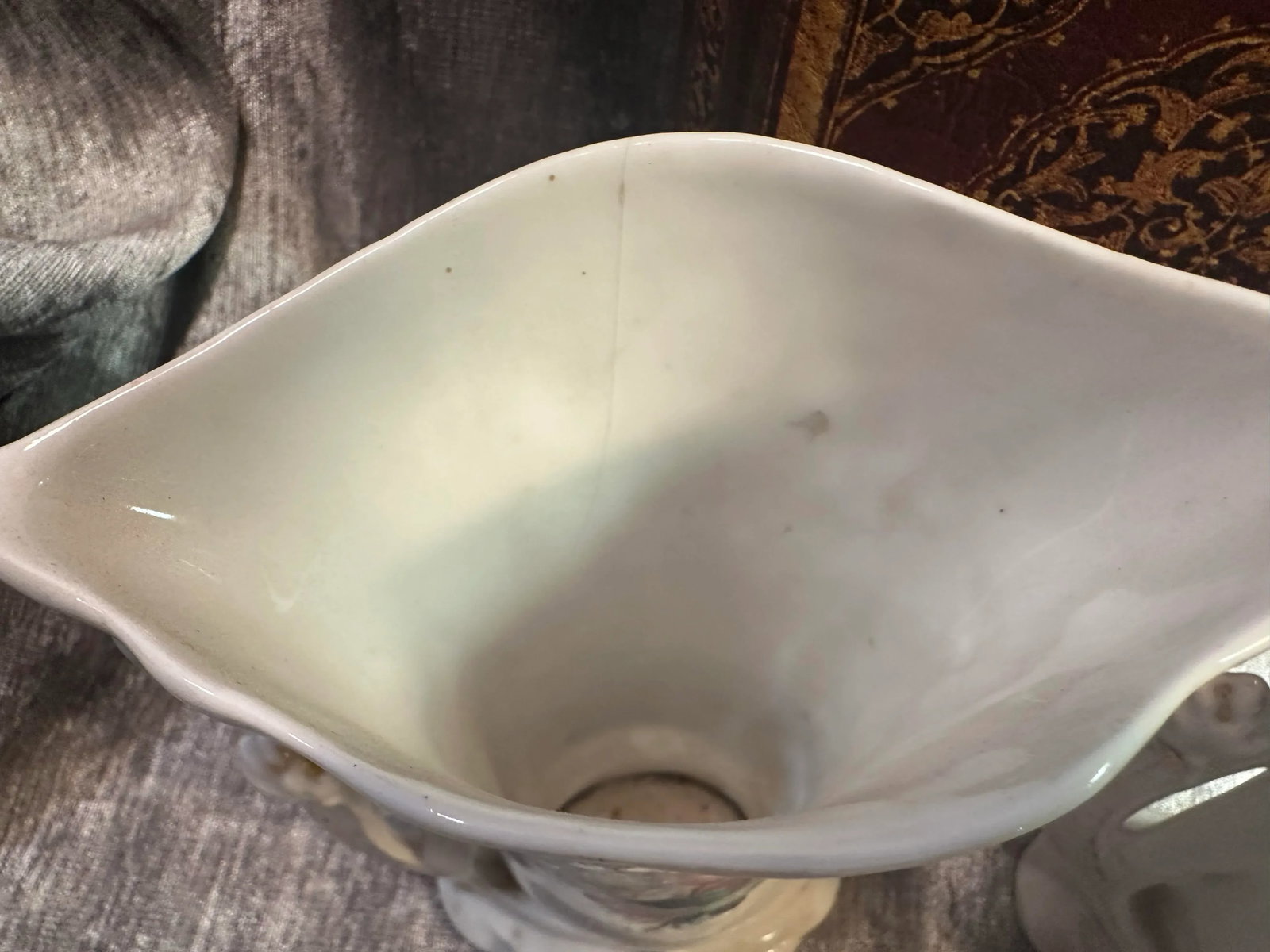 Late 19th Century Antique Hand Painted Wedding Vases- Set of 2 - 2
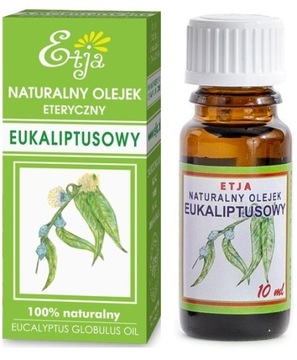 ETJA 100% naturalny olejek eteryczny eukaliptus 10 ml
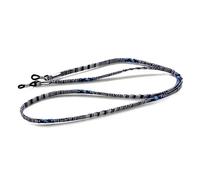 Tejesa - Catena universale per occhiali da sole retrò, antiscivolo, con cordino per il collo, per sport, occhiali da lettura, Misura unica, Pietra, Agata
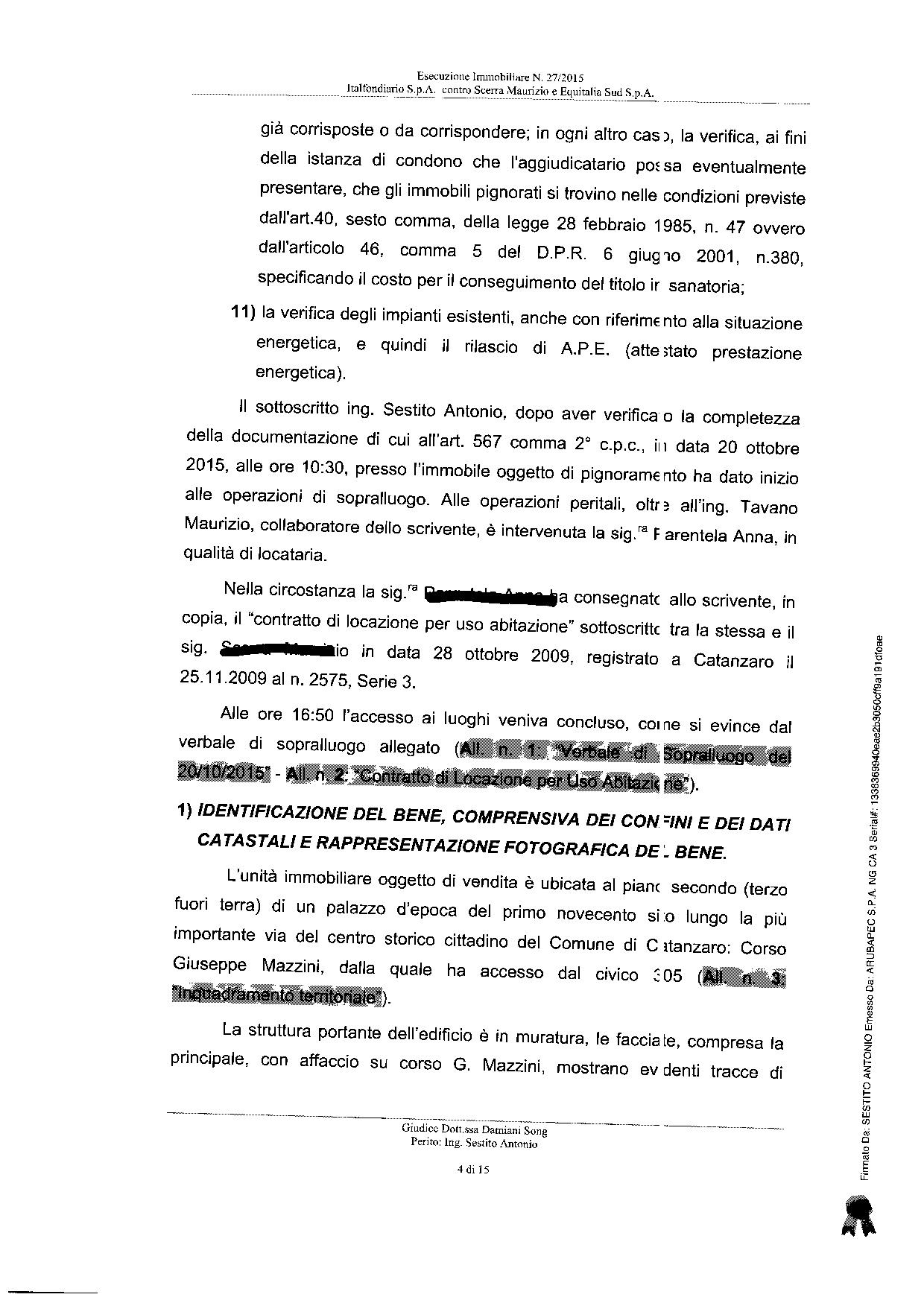 immobile appartamento all'asta in Corso Mazzini 305 - 88100 Catanzaro (CZ) - 5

______________________________

Exercise goal
Across the whole listing, reproduce each line verbatim and exclude every picture.

Completed task
 Late 19th Century Antique Hand Painted Wedding Vases- Set of 2 - 2
 ETJA 100% naturalny olejek eteryczny eukaliptus 10 ml
 Tejesa - Catena universale per occhiali da sole retrò, antiscivolo, con cordino per il collo, per sport, occhiali da lettura, Misura unica, Pietra, Agata
 immobile appartamento all'asta in Corso Mazzini 305 - 88100 Catanzaro (CZ) - 5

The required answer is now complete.